--- DATASET RECORDS ---
_____
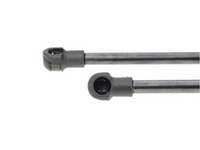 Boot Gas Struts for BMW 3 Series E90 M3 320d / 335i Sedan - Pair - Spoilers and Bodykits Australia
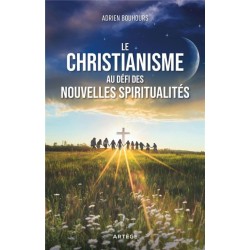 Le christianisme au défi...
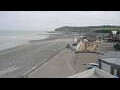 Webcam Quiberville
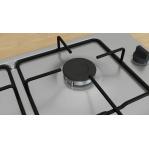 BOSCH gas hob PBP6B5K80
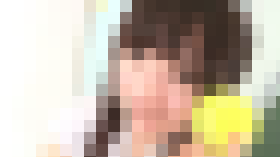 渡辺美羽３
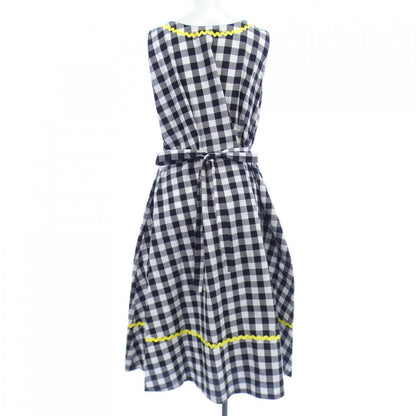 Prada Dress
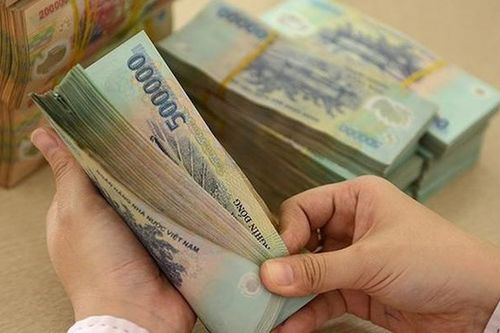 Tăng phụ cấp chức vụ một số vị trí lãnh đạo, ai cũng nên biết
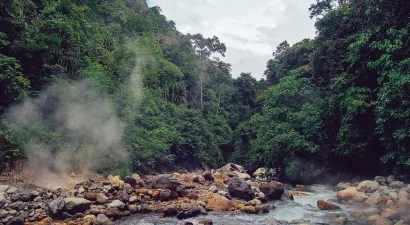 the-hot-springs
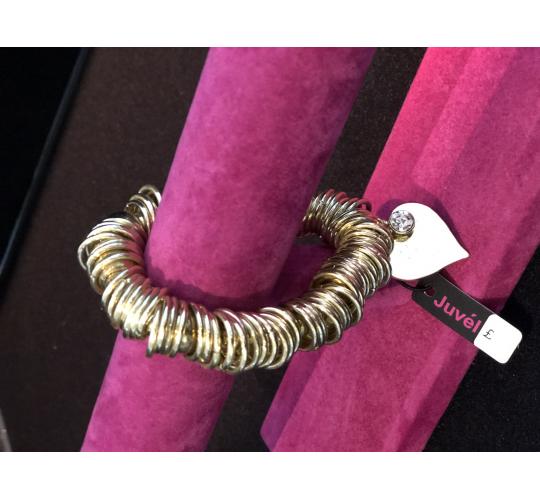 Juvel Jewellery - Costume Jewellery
_____
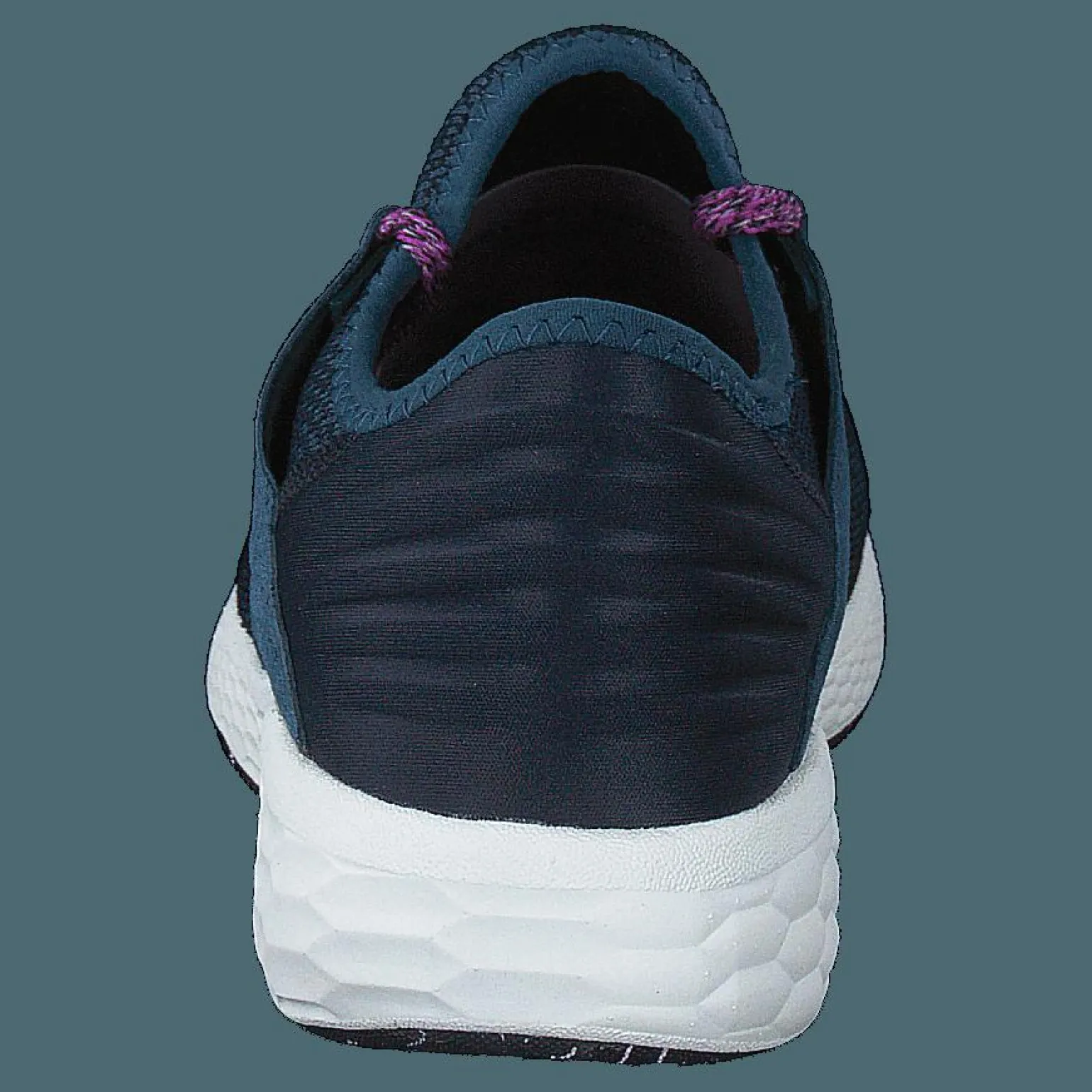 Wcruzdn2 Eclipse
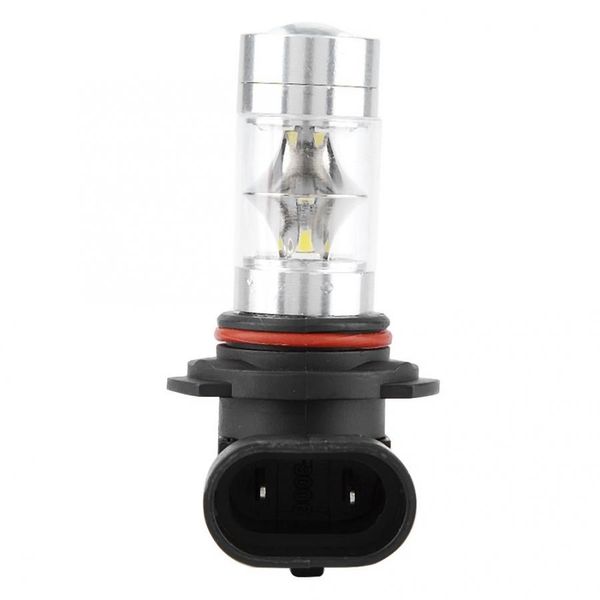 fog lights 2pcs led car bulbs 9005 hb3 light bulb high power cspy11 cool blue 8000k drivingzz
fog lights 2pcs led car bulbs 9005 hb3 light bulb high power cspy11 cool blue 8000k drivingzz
_____
--- PROBLEM TO WORK ON ---
In the listing above, find the line with "Boot Gas Struts" and the line with "Juvel Jewellery - Costume Jewellery". Transcribe those two and everything between, exactly, leaving out pictures.

--- REPLY TO THE TASK ---
 Boot Gas Struts for BMW 3 Series E90 M3 320d / 335i Sedan - Pair - Spoilers and Bodykits Australia
 Le christianisme au défi...
 Webcam Quiberville
 BOSCH gas hob PBP6B5K80
 渡辺美羽３
 Prada Dress
 Tăng phụ cấp chức vụ một số vị trí lãnh đạo, ai cũng nên biết
 the-hot-springs
 Juvel Jewellery - Costume Jewellery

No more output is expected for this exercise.